Despite what is said in the Reamended Particulars, the Claimant sought to recover sums back only to March 2013. At that point he was working for Gleeson. As I have noted, his evidence was that his work went beyond that which was strictly needed to make the Gleeson introduction, but was also that he had not communicated that fact to the Defendant. As such, it seems that at this stage of the parties’ relationship there was no request from the Defendant for the additional work and no anticipation (or at least no anticipation with any sensible basis) that the Defendant would pay for the additional work.
That conclusion is supported by the fact that the unjust enrichment claim is pleaded as an alternative to the contract claim. On any analysis the Agreement only incepted in August 2013. If the quantum meruit is premised on the Agreement in some way having failed, it logically cannot arise before the Agreement was thought to have come into effect.

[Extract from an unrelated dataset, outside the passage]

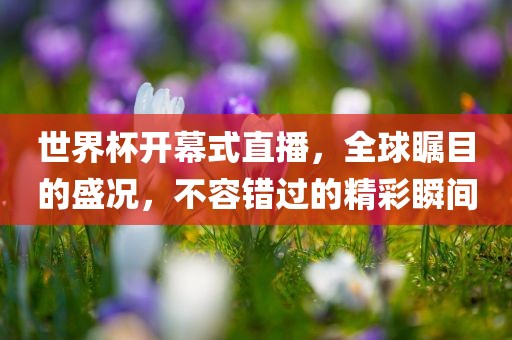 世界杯开幕式直播，全球瞩目的盛况，不容错过的精彩瞬间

That takes the analysis forward to August 2013, when I have found that the Agreement was entered into between the parties and was a contract, rather than being binding in honour only. It seems to me that the decision in Barton is therefore highly significant. In that case the majority of the Supreme Court found at [96] that:
When parties stipulate in their contract the circumstances that must occur in order to impose a legal obligation on one party to pay, they necessarily exclude any obligation to pay in the absence of those circumstances; both any obligation to pay under the contract and any obligation to pay to avoid an enrichment they have received from the counterparty being unjust.
On this point, the dissenting Justices were in agreement with the majority. Lord Leggat emphasised at [191]:
In relation to the subject matter of the contract, the law of contract determines, and governs the consequences of, not only the existence but also the absence of an obligation on one contracting party to confer a benefit on the other. To redistribute the allocation of benefits and losses provided for by the law of contract by applying another set of legal principles would undercut this regime.
Finally, Lord Burrows noted at [237]:
The parties’ own allocation of risk can override the law of unjust enrichment that would be imposed if there were no such exclusion. If the unilateral contract was an ‘if, but only if’ contract in the strong sense, restitution for unjust enrichment would have been excluded.
Even on the Claimant’s case, the Agreement was an “if but only if” contract. As the Claimant recognised in the 7 December 2013 email: “I might earn nothing at all.” The Agreement was the factual and legal basis upon which the Claimant carried out the work. By its terms, it precludes a claim in unjust enrichment.
The Claimant appeared to suggest that the position potentially changed in November 2014, when the Claimant became concerned that the Defendant might sign the Liberty options after all and contacted him to ask for payment. The precise nature of that suggestion was unclear, however:
The exchange is not referenced at all in the Reamended Particulars of Claim or the Reply.
In his witness statement the Claimant said that he raised the prospect of being paid with the Defendant and was assured by the Defendant that he would “look after” the Claimant if the Defendant signed the Liberty options. That is consistent with what the Claimant then said in the 6 January 2015 and subsequent letters, which included such a provision apparently as a term of the Agreement. However, if this was a variation it is unclear what consideration is said to support it. Even on the wider view of consideration contemplated by cases such as Williams v Roffey Bros [1991] 1 QB 1 there must be at least practical benefit, but none is alleged. If the Agreement had been a unilateral contract, changing it to a bilateral contract under which the Claimant was obliged to provide services would, in my view, constitute consideration, but for the reasons I have given it seems to me that the Agreement was a bilateral contract all along.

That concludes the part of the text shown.